## WORK TO COMPLETE
Return, from the listing below, each line where the word "compressor" appears.

======== RECORD EXCERPTS

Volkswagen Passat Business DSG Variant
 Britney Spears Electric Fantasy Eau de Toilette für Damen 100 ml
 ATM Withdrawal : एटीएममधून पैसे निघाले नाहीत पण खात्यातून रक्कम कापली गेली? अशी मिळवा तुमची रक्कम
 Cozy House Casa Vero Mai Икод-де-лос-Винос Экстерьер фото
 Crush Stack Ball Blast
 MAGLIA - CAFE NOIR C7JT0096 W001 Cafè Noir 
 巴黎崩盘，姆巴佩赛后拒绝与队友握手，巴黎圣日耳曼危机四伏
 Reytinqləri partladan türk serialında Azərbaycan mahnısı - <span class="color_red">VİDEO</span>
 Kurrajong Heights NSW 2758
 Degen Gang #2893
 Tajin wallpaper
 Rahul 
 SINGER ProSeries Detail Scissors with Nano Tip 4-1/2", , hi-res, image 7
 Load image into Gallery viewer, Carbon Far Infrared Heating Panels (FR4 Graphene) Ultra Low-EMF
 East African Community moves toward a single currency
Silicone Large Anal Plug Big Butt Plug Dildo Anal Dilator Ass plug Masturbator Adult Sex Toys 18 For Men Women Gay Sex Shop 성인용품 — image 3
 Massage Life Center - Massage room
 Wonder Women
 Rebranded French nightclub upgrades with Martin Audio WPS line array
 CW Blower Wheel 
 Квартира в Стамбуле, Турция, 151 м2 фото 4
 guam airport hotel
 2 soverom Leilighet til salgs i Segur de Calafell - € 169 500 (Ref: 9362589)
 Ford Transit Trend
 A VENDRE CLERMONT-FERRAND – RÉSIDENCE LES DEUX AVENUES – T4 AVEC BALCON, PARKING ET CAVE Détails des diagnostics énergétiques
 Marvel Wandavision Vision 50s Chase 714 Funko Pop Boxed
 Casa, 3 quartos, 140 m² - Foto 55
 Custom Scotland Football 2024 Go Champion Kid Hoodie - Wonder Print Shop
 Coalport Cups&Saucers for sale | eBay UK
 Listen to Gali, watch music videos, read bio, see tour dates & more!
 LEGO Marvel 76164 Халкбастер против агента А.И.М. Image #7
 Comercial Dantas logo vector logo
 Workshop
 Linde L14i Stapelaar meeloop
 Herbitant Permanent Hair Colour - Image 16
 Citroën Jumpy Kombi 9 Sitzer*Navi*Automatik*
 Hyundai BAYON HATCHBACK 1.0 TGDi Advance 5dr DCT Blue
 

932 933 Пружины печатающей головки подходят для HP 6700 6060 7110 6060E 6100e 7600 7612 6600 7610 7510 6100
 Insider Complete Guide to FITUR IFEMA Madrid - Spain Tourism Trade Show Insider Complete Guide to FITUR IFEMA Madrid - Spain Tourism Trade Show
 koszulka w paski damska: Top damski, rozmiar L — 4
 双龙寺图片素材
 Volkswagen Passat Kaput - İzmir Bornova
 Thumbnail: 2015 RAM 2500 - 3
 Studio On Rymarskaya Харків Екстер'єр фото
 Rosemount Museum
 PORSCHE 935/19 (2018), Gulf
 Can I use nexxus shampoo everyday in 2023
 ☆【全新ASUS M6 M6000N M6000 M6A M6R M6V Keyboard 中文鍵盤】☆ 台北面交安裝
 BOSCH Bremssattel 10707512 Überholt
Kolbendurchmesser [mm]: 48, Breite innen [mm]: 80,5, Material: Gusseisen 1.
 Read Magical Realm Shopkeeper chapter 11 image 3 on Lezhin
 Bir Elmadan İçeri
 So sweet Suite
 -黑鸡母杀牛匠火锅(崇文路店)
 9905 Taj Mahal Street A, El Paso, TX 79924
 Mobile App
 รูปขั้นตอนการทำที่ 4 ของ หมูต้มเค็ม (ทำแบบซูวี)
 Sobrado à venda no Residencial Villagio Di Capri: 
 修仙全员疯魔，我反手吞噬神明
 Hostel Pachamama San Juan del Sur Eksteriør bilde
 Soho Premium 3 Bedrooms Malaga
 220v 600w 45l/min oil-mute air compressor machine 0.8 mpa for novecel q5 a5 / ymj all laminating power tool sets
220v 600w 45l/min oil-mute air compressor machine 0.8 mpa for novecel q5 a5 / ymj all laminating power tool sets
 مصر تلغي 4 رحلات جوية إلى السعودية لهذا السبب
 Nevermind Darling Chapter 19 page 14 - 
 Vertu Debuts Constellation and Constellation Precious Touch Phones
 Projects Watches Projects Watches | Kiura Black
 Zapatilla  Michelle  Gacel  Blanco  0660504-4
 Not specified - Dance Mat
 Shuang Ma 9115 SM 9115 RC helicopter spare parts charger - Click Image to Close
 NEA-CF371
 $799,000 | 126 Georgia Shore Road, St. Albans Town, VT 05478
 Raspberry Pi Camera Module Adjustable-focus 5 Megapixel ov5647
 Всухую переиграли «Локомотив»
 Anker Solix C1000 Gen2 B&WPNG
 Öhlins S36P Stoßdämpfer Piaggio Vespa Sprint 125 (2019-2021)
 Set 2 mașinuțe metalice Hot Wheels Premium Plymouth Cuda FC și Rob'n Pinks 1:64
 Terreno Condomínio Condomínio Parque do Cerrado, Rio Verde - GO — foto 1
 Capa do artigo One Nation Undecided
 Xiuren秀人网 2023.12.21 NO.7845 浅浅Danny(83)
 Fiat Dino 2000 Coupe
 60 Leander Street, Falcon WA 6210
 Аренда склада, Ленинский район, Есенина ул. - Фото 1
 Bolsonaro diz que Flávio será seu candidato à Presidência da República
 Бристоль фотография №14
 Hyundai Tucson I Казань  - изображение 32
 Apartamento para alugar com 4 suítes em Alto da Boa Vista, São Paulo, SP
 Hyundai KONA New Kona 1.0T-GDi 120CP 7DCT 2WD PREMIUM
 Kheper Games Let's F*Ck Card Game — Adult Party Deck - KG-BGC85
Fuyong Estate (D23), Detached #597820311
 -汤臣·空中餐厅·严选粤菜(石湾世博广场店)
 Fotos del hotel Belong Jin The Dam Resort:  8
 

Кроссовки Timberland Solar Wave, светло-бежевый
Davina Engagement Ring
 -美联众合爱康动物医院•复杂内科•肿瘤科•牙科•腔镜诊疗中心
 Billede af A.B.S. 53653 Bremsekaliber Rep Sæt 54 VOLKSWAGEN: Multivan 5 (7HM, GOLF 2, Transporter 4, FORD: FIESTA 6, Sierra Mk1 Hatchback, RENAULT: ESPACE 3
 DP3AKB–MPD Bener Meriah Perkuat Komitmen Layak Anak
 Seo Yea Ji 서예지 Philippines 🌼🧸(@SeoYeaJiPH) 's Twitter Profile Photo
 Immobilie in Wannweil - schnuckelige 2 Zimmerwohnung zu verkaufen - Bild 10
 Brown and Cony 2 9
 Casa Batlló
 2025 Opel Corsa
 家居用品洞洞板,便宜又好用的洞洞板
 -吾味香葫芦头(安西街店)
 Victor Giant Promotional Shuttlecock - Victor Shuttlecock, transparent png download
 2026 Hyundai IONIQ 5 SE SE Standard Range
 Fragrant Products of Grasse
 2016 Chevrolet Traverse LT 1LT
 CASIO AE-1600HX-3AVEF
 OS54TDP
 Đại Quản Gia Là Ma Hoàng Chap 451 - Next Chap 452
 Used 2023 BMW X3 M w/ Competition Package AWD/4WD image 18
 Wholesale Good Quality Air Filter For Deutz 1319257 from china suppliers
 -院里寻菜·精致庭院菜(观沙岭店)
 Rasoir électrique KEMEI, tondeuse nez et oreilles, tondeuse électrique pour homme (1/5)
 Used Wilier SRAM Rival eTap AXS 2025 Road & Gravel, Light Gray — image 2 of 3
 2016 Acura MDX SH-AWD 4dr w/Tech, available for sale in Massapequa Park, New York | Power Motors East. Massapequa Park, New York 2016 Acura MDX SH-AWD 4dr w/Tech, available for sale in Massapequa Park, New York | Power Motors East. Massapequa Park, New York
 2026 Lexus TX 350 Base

================

## SOLVED EXERCISE
 220v 600w 45l/min oil-mute air compressor machine 0.8 mpa for novecel q5 a5 / ymj all laminating power tool sets
220v 600w 45l/min oil-mute air compressor machine 0.8 mpa for novecel q5 a5 / ymj all laminating power tool sets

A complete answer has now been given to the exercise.